To: Hoosier-Daddy
Anyone care to integrate the volume of a shell with an initial circumference of 25,000 miles and a final circumference 12,000 feet above the initial circumference? That is a pot load of water.
20 posted on
04/26/2010 9:32:16 PM PDT by
Hoosier-Daddy
( "It does no good to be a super power if you have to worry what the neighbors think." BuffaloJack)
To: Hoosier-Daddy
Anyone care to integrate the volume of a shell with an initial circumference of 25,000 miles and a final circumference 12,000 feet above the initial circumference? That is a pot load of water. The water wouldn't have to cover the entire globe to 12,000 feet above current sea level. It could have come as a tsunami, then subsided.
29 posted on
04/26/2010 9:50:54 PM PDT by
Windflier
(To anger a conservative, tell him a lie. To anger a liberal, tell him the truth.)
To: Hoosier-Daddy
Anyone care to integrate the volume of a shell with an initial circumference of 25,000 miles and a final circumference 12,000 feet above the initial circumference? That is a pot load of water. Actually, you have to go to 29,000 feet since EVERYTHING was submerged, which means Mt. Everest. I did it once, it ended up being about 30 TIMES the total water on the Earth and in the atmosphere right now. A few pot loads, I'd say!
48 posted on
04/26/2010 10:13:25 PM PDT by
PugetSoundSoldier
(Indignation over the Sting of Truth is the defense of the indefensible)

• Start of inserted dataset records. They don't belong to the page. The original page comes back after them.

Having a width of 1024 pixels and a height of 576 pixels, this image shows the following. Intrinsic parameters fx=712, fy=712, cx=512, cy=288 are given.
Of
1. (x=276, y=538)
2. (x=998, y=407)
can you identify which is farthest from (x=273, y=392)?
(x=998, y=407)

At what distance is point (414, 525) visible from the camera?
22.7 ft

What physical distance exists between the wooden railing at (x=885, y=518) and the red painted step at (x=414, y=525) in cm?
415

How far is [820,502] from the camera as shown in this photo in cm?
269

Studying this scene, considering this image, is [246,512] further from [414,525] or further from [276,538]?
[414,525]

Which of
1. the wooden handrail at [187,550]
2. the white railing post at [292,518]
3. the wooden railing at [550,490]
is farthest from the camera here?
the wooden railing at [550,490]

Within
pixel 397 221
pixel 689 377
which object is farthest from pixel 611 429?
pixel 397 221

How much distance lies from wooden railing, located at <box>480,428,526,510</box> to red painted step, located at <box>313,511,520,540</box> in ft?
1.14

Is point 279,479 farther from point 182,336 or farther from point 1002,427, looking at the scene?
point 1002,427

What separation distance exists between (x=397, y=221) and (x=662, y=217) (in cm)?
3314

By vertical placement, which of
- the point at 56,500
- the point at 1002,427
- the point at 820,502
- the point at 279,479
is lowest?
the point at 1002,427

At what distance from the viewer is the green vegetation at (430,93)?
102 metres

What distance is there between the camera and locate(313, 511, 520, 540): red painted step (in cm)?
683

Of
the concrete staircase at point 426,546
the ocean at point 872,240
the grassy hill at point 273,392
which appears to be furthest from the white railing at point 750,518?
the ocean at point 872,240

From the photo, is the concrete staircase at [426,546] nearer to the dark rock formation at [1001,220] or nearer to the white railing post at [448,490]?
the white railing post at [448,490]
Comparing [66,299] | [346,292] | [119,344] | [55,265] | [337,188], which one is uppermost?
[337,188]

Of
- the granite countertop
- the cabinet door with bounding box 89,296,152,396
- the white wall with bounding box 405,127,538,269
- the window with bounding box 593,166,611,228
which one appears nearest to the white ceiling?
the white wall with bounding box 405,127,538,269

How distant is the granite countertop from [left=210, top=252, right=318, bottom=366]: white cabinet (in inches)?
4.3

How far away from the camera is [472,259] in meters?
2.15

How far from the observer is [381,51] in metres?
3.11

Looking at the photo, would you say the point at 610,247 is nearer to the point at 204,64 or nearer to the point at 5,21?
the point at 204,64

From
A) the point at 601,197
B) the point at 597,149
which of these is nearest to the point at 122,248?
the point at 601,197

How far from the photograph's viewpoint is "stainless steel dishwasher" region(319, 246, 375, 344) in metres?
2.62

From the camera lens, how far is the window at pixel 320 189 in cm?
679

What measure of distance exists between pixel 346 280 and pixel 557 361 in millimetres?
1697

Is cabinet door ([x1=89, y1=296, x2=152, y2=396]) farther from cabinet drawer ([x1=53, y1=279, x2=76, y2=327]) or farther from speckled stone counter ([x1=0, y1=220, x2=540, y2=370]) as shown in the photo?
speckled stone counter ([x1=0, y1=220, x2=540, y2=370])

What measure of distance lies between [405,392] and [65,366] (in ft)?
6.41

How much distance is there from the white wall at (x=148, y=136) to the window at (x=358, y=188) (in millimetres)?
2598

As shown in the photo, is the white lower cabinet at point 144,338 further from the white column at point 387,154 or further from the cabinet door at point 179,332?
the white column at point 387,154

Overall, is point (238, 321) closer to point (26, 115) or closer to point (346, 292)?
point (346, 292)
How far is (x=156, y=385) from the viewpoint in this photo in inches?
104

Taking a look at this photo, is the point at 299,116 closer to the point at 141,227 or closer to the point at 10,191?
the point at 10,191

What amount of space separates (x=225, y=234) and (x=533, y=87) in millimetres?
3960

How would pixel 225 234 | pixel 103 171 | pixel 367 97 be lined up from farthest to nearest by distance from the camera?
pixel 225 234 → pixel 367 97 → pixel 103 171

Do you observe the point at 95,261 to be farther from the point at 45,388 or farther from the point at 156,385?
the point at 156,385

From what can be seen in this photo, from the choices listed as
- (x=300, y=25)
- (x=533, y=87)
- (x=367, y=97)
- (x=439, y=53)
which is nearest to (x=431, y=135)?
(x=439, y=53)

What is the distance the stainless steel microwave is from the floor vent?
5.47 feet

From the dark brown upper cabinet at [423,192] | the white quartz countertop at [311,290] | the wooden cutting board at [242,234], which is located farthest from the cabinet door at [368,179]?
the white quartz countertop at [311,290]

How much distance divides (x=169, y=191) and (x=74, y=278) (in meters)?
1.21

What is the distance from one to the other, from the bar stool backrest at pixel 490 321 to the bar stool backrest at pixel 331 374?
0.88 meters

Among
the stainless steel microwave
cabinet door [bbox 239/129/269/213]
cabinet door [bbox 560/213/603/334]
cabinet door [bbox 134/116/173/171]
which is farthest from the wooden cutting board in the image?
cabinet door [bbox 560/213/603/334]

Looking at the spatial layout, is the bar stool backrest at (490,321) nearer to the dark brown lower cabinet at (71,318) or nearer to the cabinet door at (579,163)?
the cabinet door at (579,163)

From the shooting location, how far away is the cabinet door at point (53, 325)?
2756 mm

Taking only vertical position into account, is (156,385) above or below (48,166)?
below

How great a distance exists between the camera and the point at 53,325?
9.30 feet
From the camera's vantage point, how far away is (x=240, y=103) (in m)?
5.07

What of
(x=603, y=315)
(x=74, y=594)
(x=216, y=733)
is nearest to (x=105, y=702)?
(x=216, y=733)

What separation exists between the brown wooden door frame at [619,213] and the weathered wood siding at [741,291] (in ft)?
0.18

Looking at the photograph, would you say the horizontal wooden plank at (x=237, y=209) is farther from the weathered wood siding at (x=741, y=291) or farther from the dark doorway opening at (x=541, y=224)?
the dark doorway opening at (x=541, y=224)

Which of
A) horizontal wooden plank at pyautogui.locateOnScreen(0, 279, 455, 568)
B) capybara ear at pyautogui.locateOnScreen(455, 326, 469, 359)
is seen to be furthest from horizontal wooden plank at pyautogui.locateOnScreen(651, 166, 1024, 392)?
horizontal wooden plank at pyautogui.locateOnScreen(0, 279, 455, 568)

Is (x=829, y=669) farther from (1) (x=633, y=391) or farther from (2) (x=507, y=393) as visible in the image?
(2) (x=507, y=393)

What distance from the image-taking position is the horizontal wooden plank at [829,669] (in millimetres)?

To: Hoosier-Daddy; Windflier; PugetSoundSoldier
Ever heard of the hydroplate theory? Prior to the flood the earth was semi-arid with average 70 degree temps everywhere (including the poles) and mountain ranges no more than 1 mile high. Incidentally if you were to lower the sea-levels worldwide less than 100 feet all of the continents would be connected by land-bridges.